The GSA wants to organize and/or participate in 16 days of in-school activities annually. If all 33 student groups do that, 528 days are needed, almost triple our 180 school days.
For “Day of Silence,” the GSA wants students to duct tape their mouths during school. Exercising vigorously in gym, playing a brass or woodwind instrument or giving a comprehensive response to a complex math, English, social studies or science question, etc., with duct tape over your mouth is difficult if not dangerous. Education is supposed to be interactive, but the more duct-taped-mouth students don’t participate, the larger the burden on other students.
4. Such distractions hurt education and are a disservice to our students because U.S. education as a whole is losing ground. We’re ranked in the 20s globally in math and science; we used to be No. 1. Other countries’ students attend more school days per year (Japan 243, South Korea 220, U.S. 180) with longer school days (e.g., South Korea – 8 hours; ours – 6.5-7 hours).

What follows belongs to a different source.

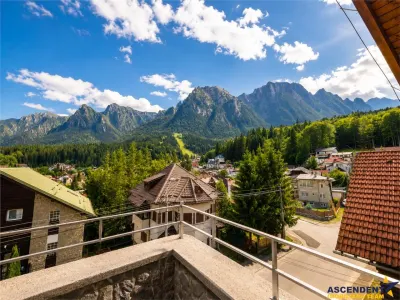 Pensiunea Casa Maria Busteni,afacere HoReCa,restaurant clasificat,spectacol montan - foto 15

5. Money is available for the lawsuit. I found $655,000 of administrative reductions (i.e., no teacher cuts). Since this wasn’t in the preliminary budget the prior Board passed, much of it’s still available.
I’m skeptical of those supporting tax-to-max budgets, tax-increase referenda, etc., yet say we have no money for the lawsuit. Many parents contacted me threatening to pull their kids out of our district if we keep letting distractions diminish quality education, potentially losing us hundreds of thousands of dollars every year in revenue. Few factor this into the decision’s total cost.
It’s unfortunate that instead of advancing public understanding and dialogue on this key issue with a well-reasoned, rigorous argument, Mr. Mark Peterson resorts to name-calling (e.g., “zealots,” “vanity,” comparing me to a cartoon character, etc.) and serious departures from the facts. Let’s hope he doesn’t do that in class, where students pay good money for instruction and deserve better.
(Bart Williams of West Bend was elected to the School Board April 5.)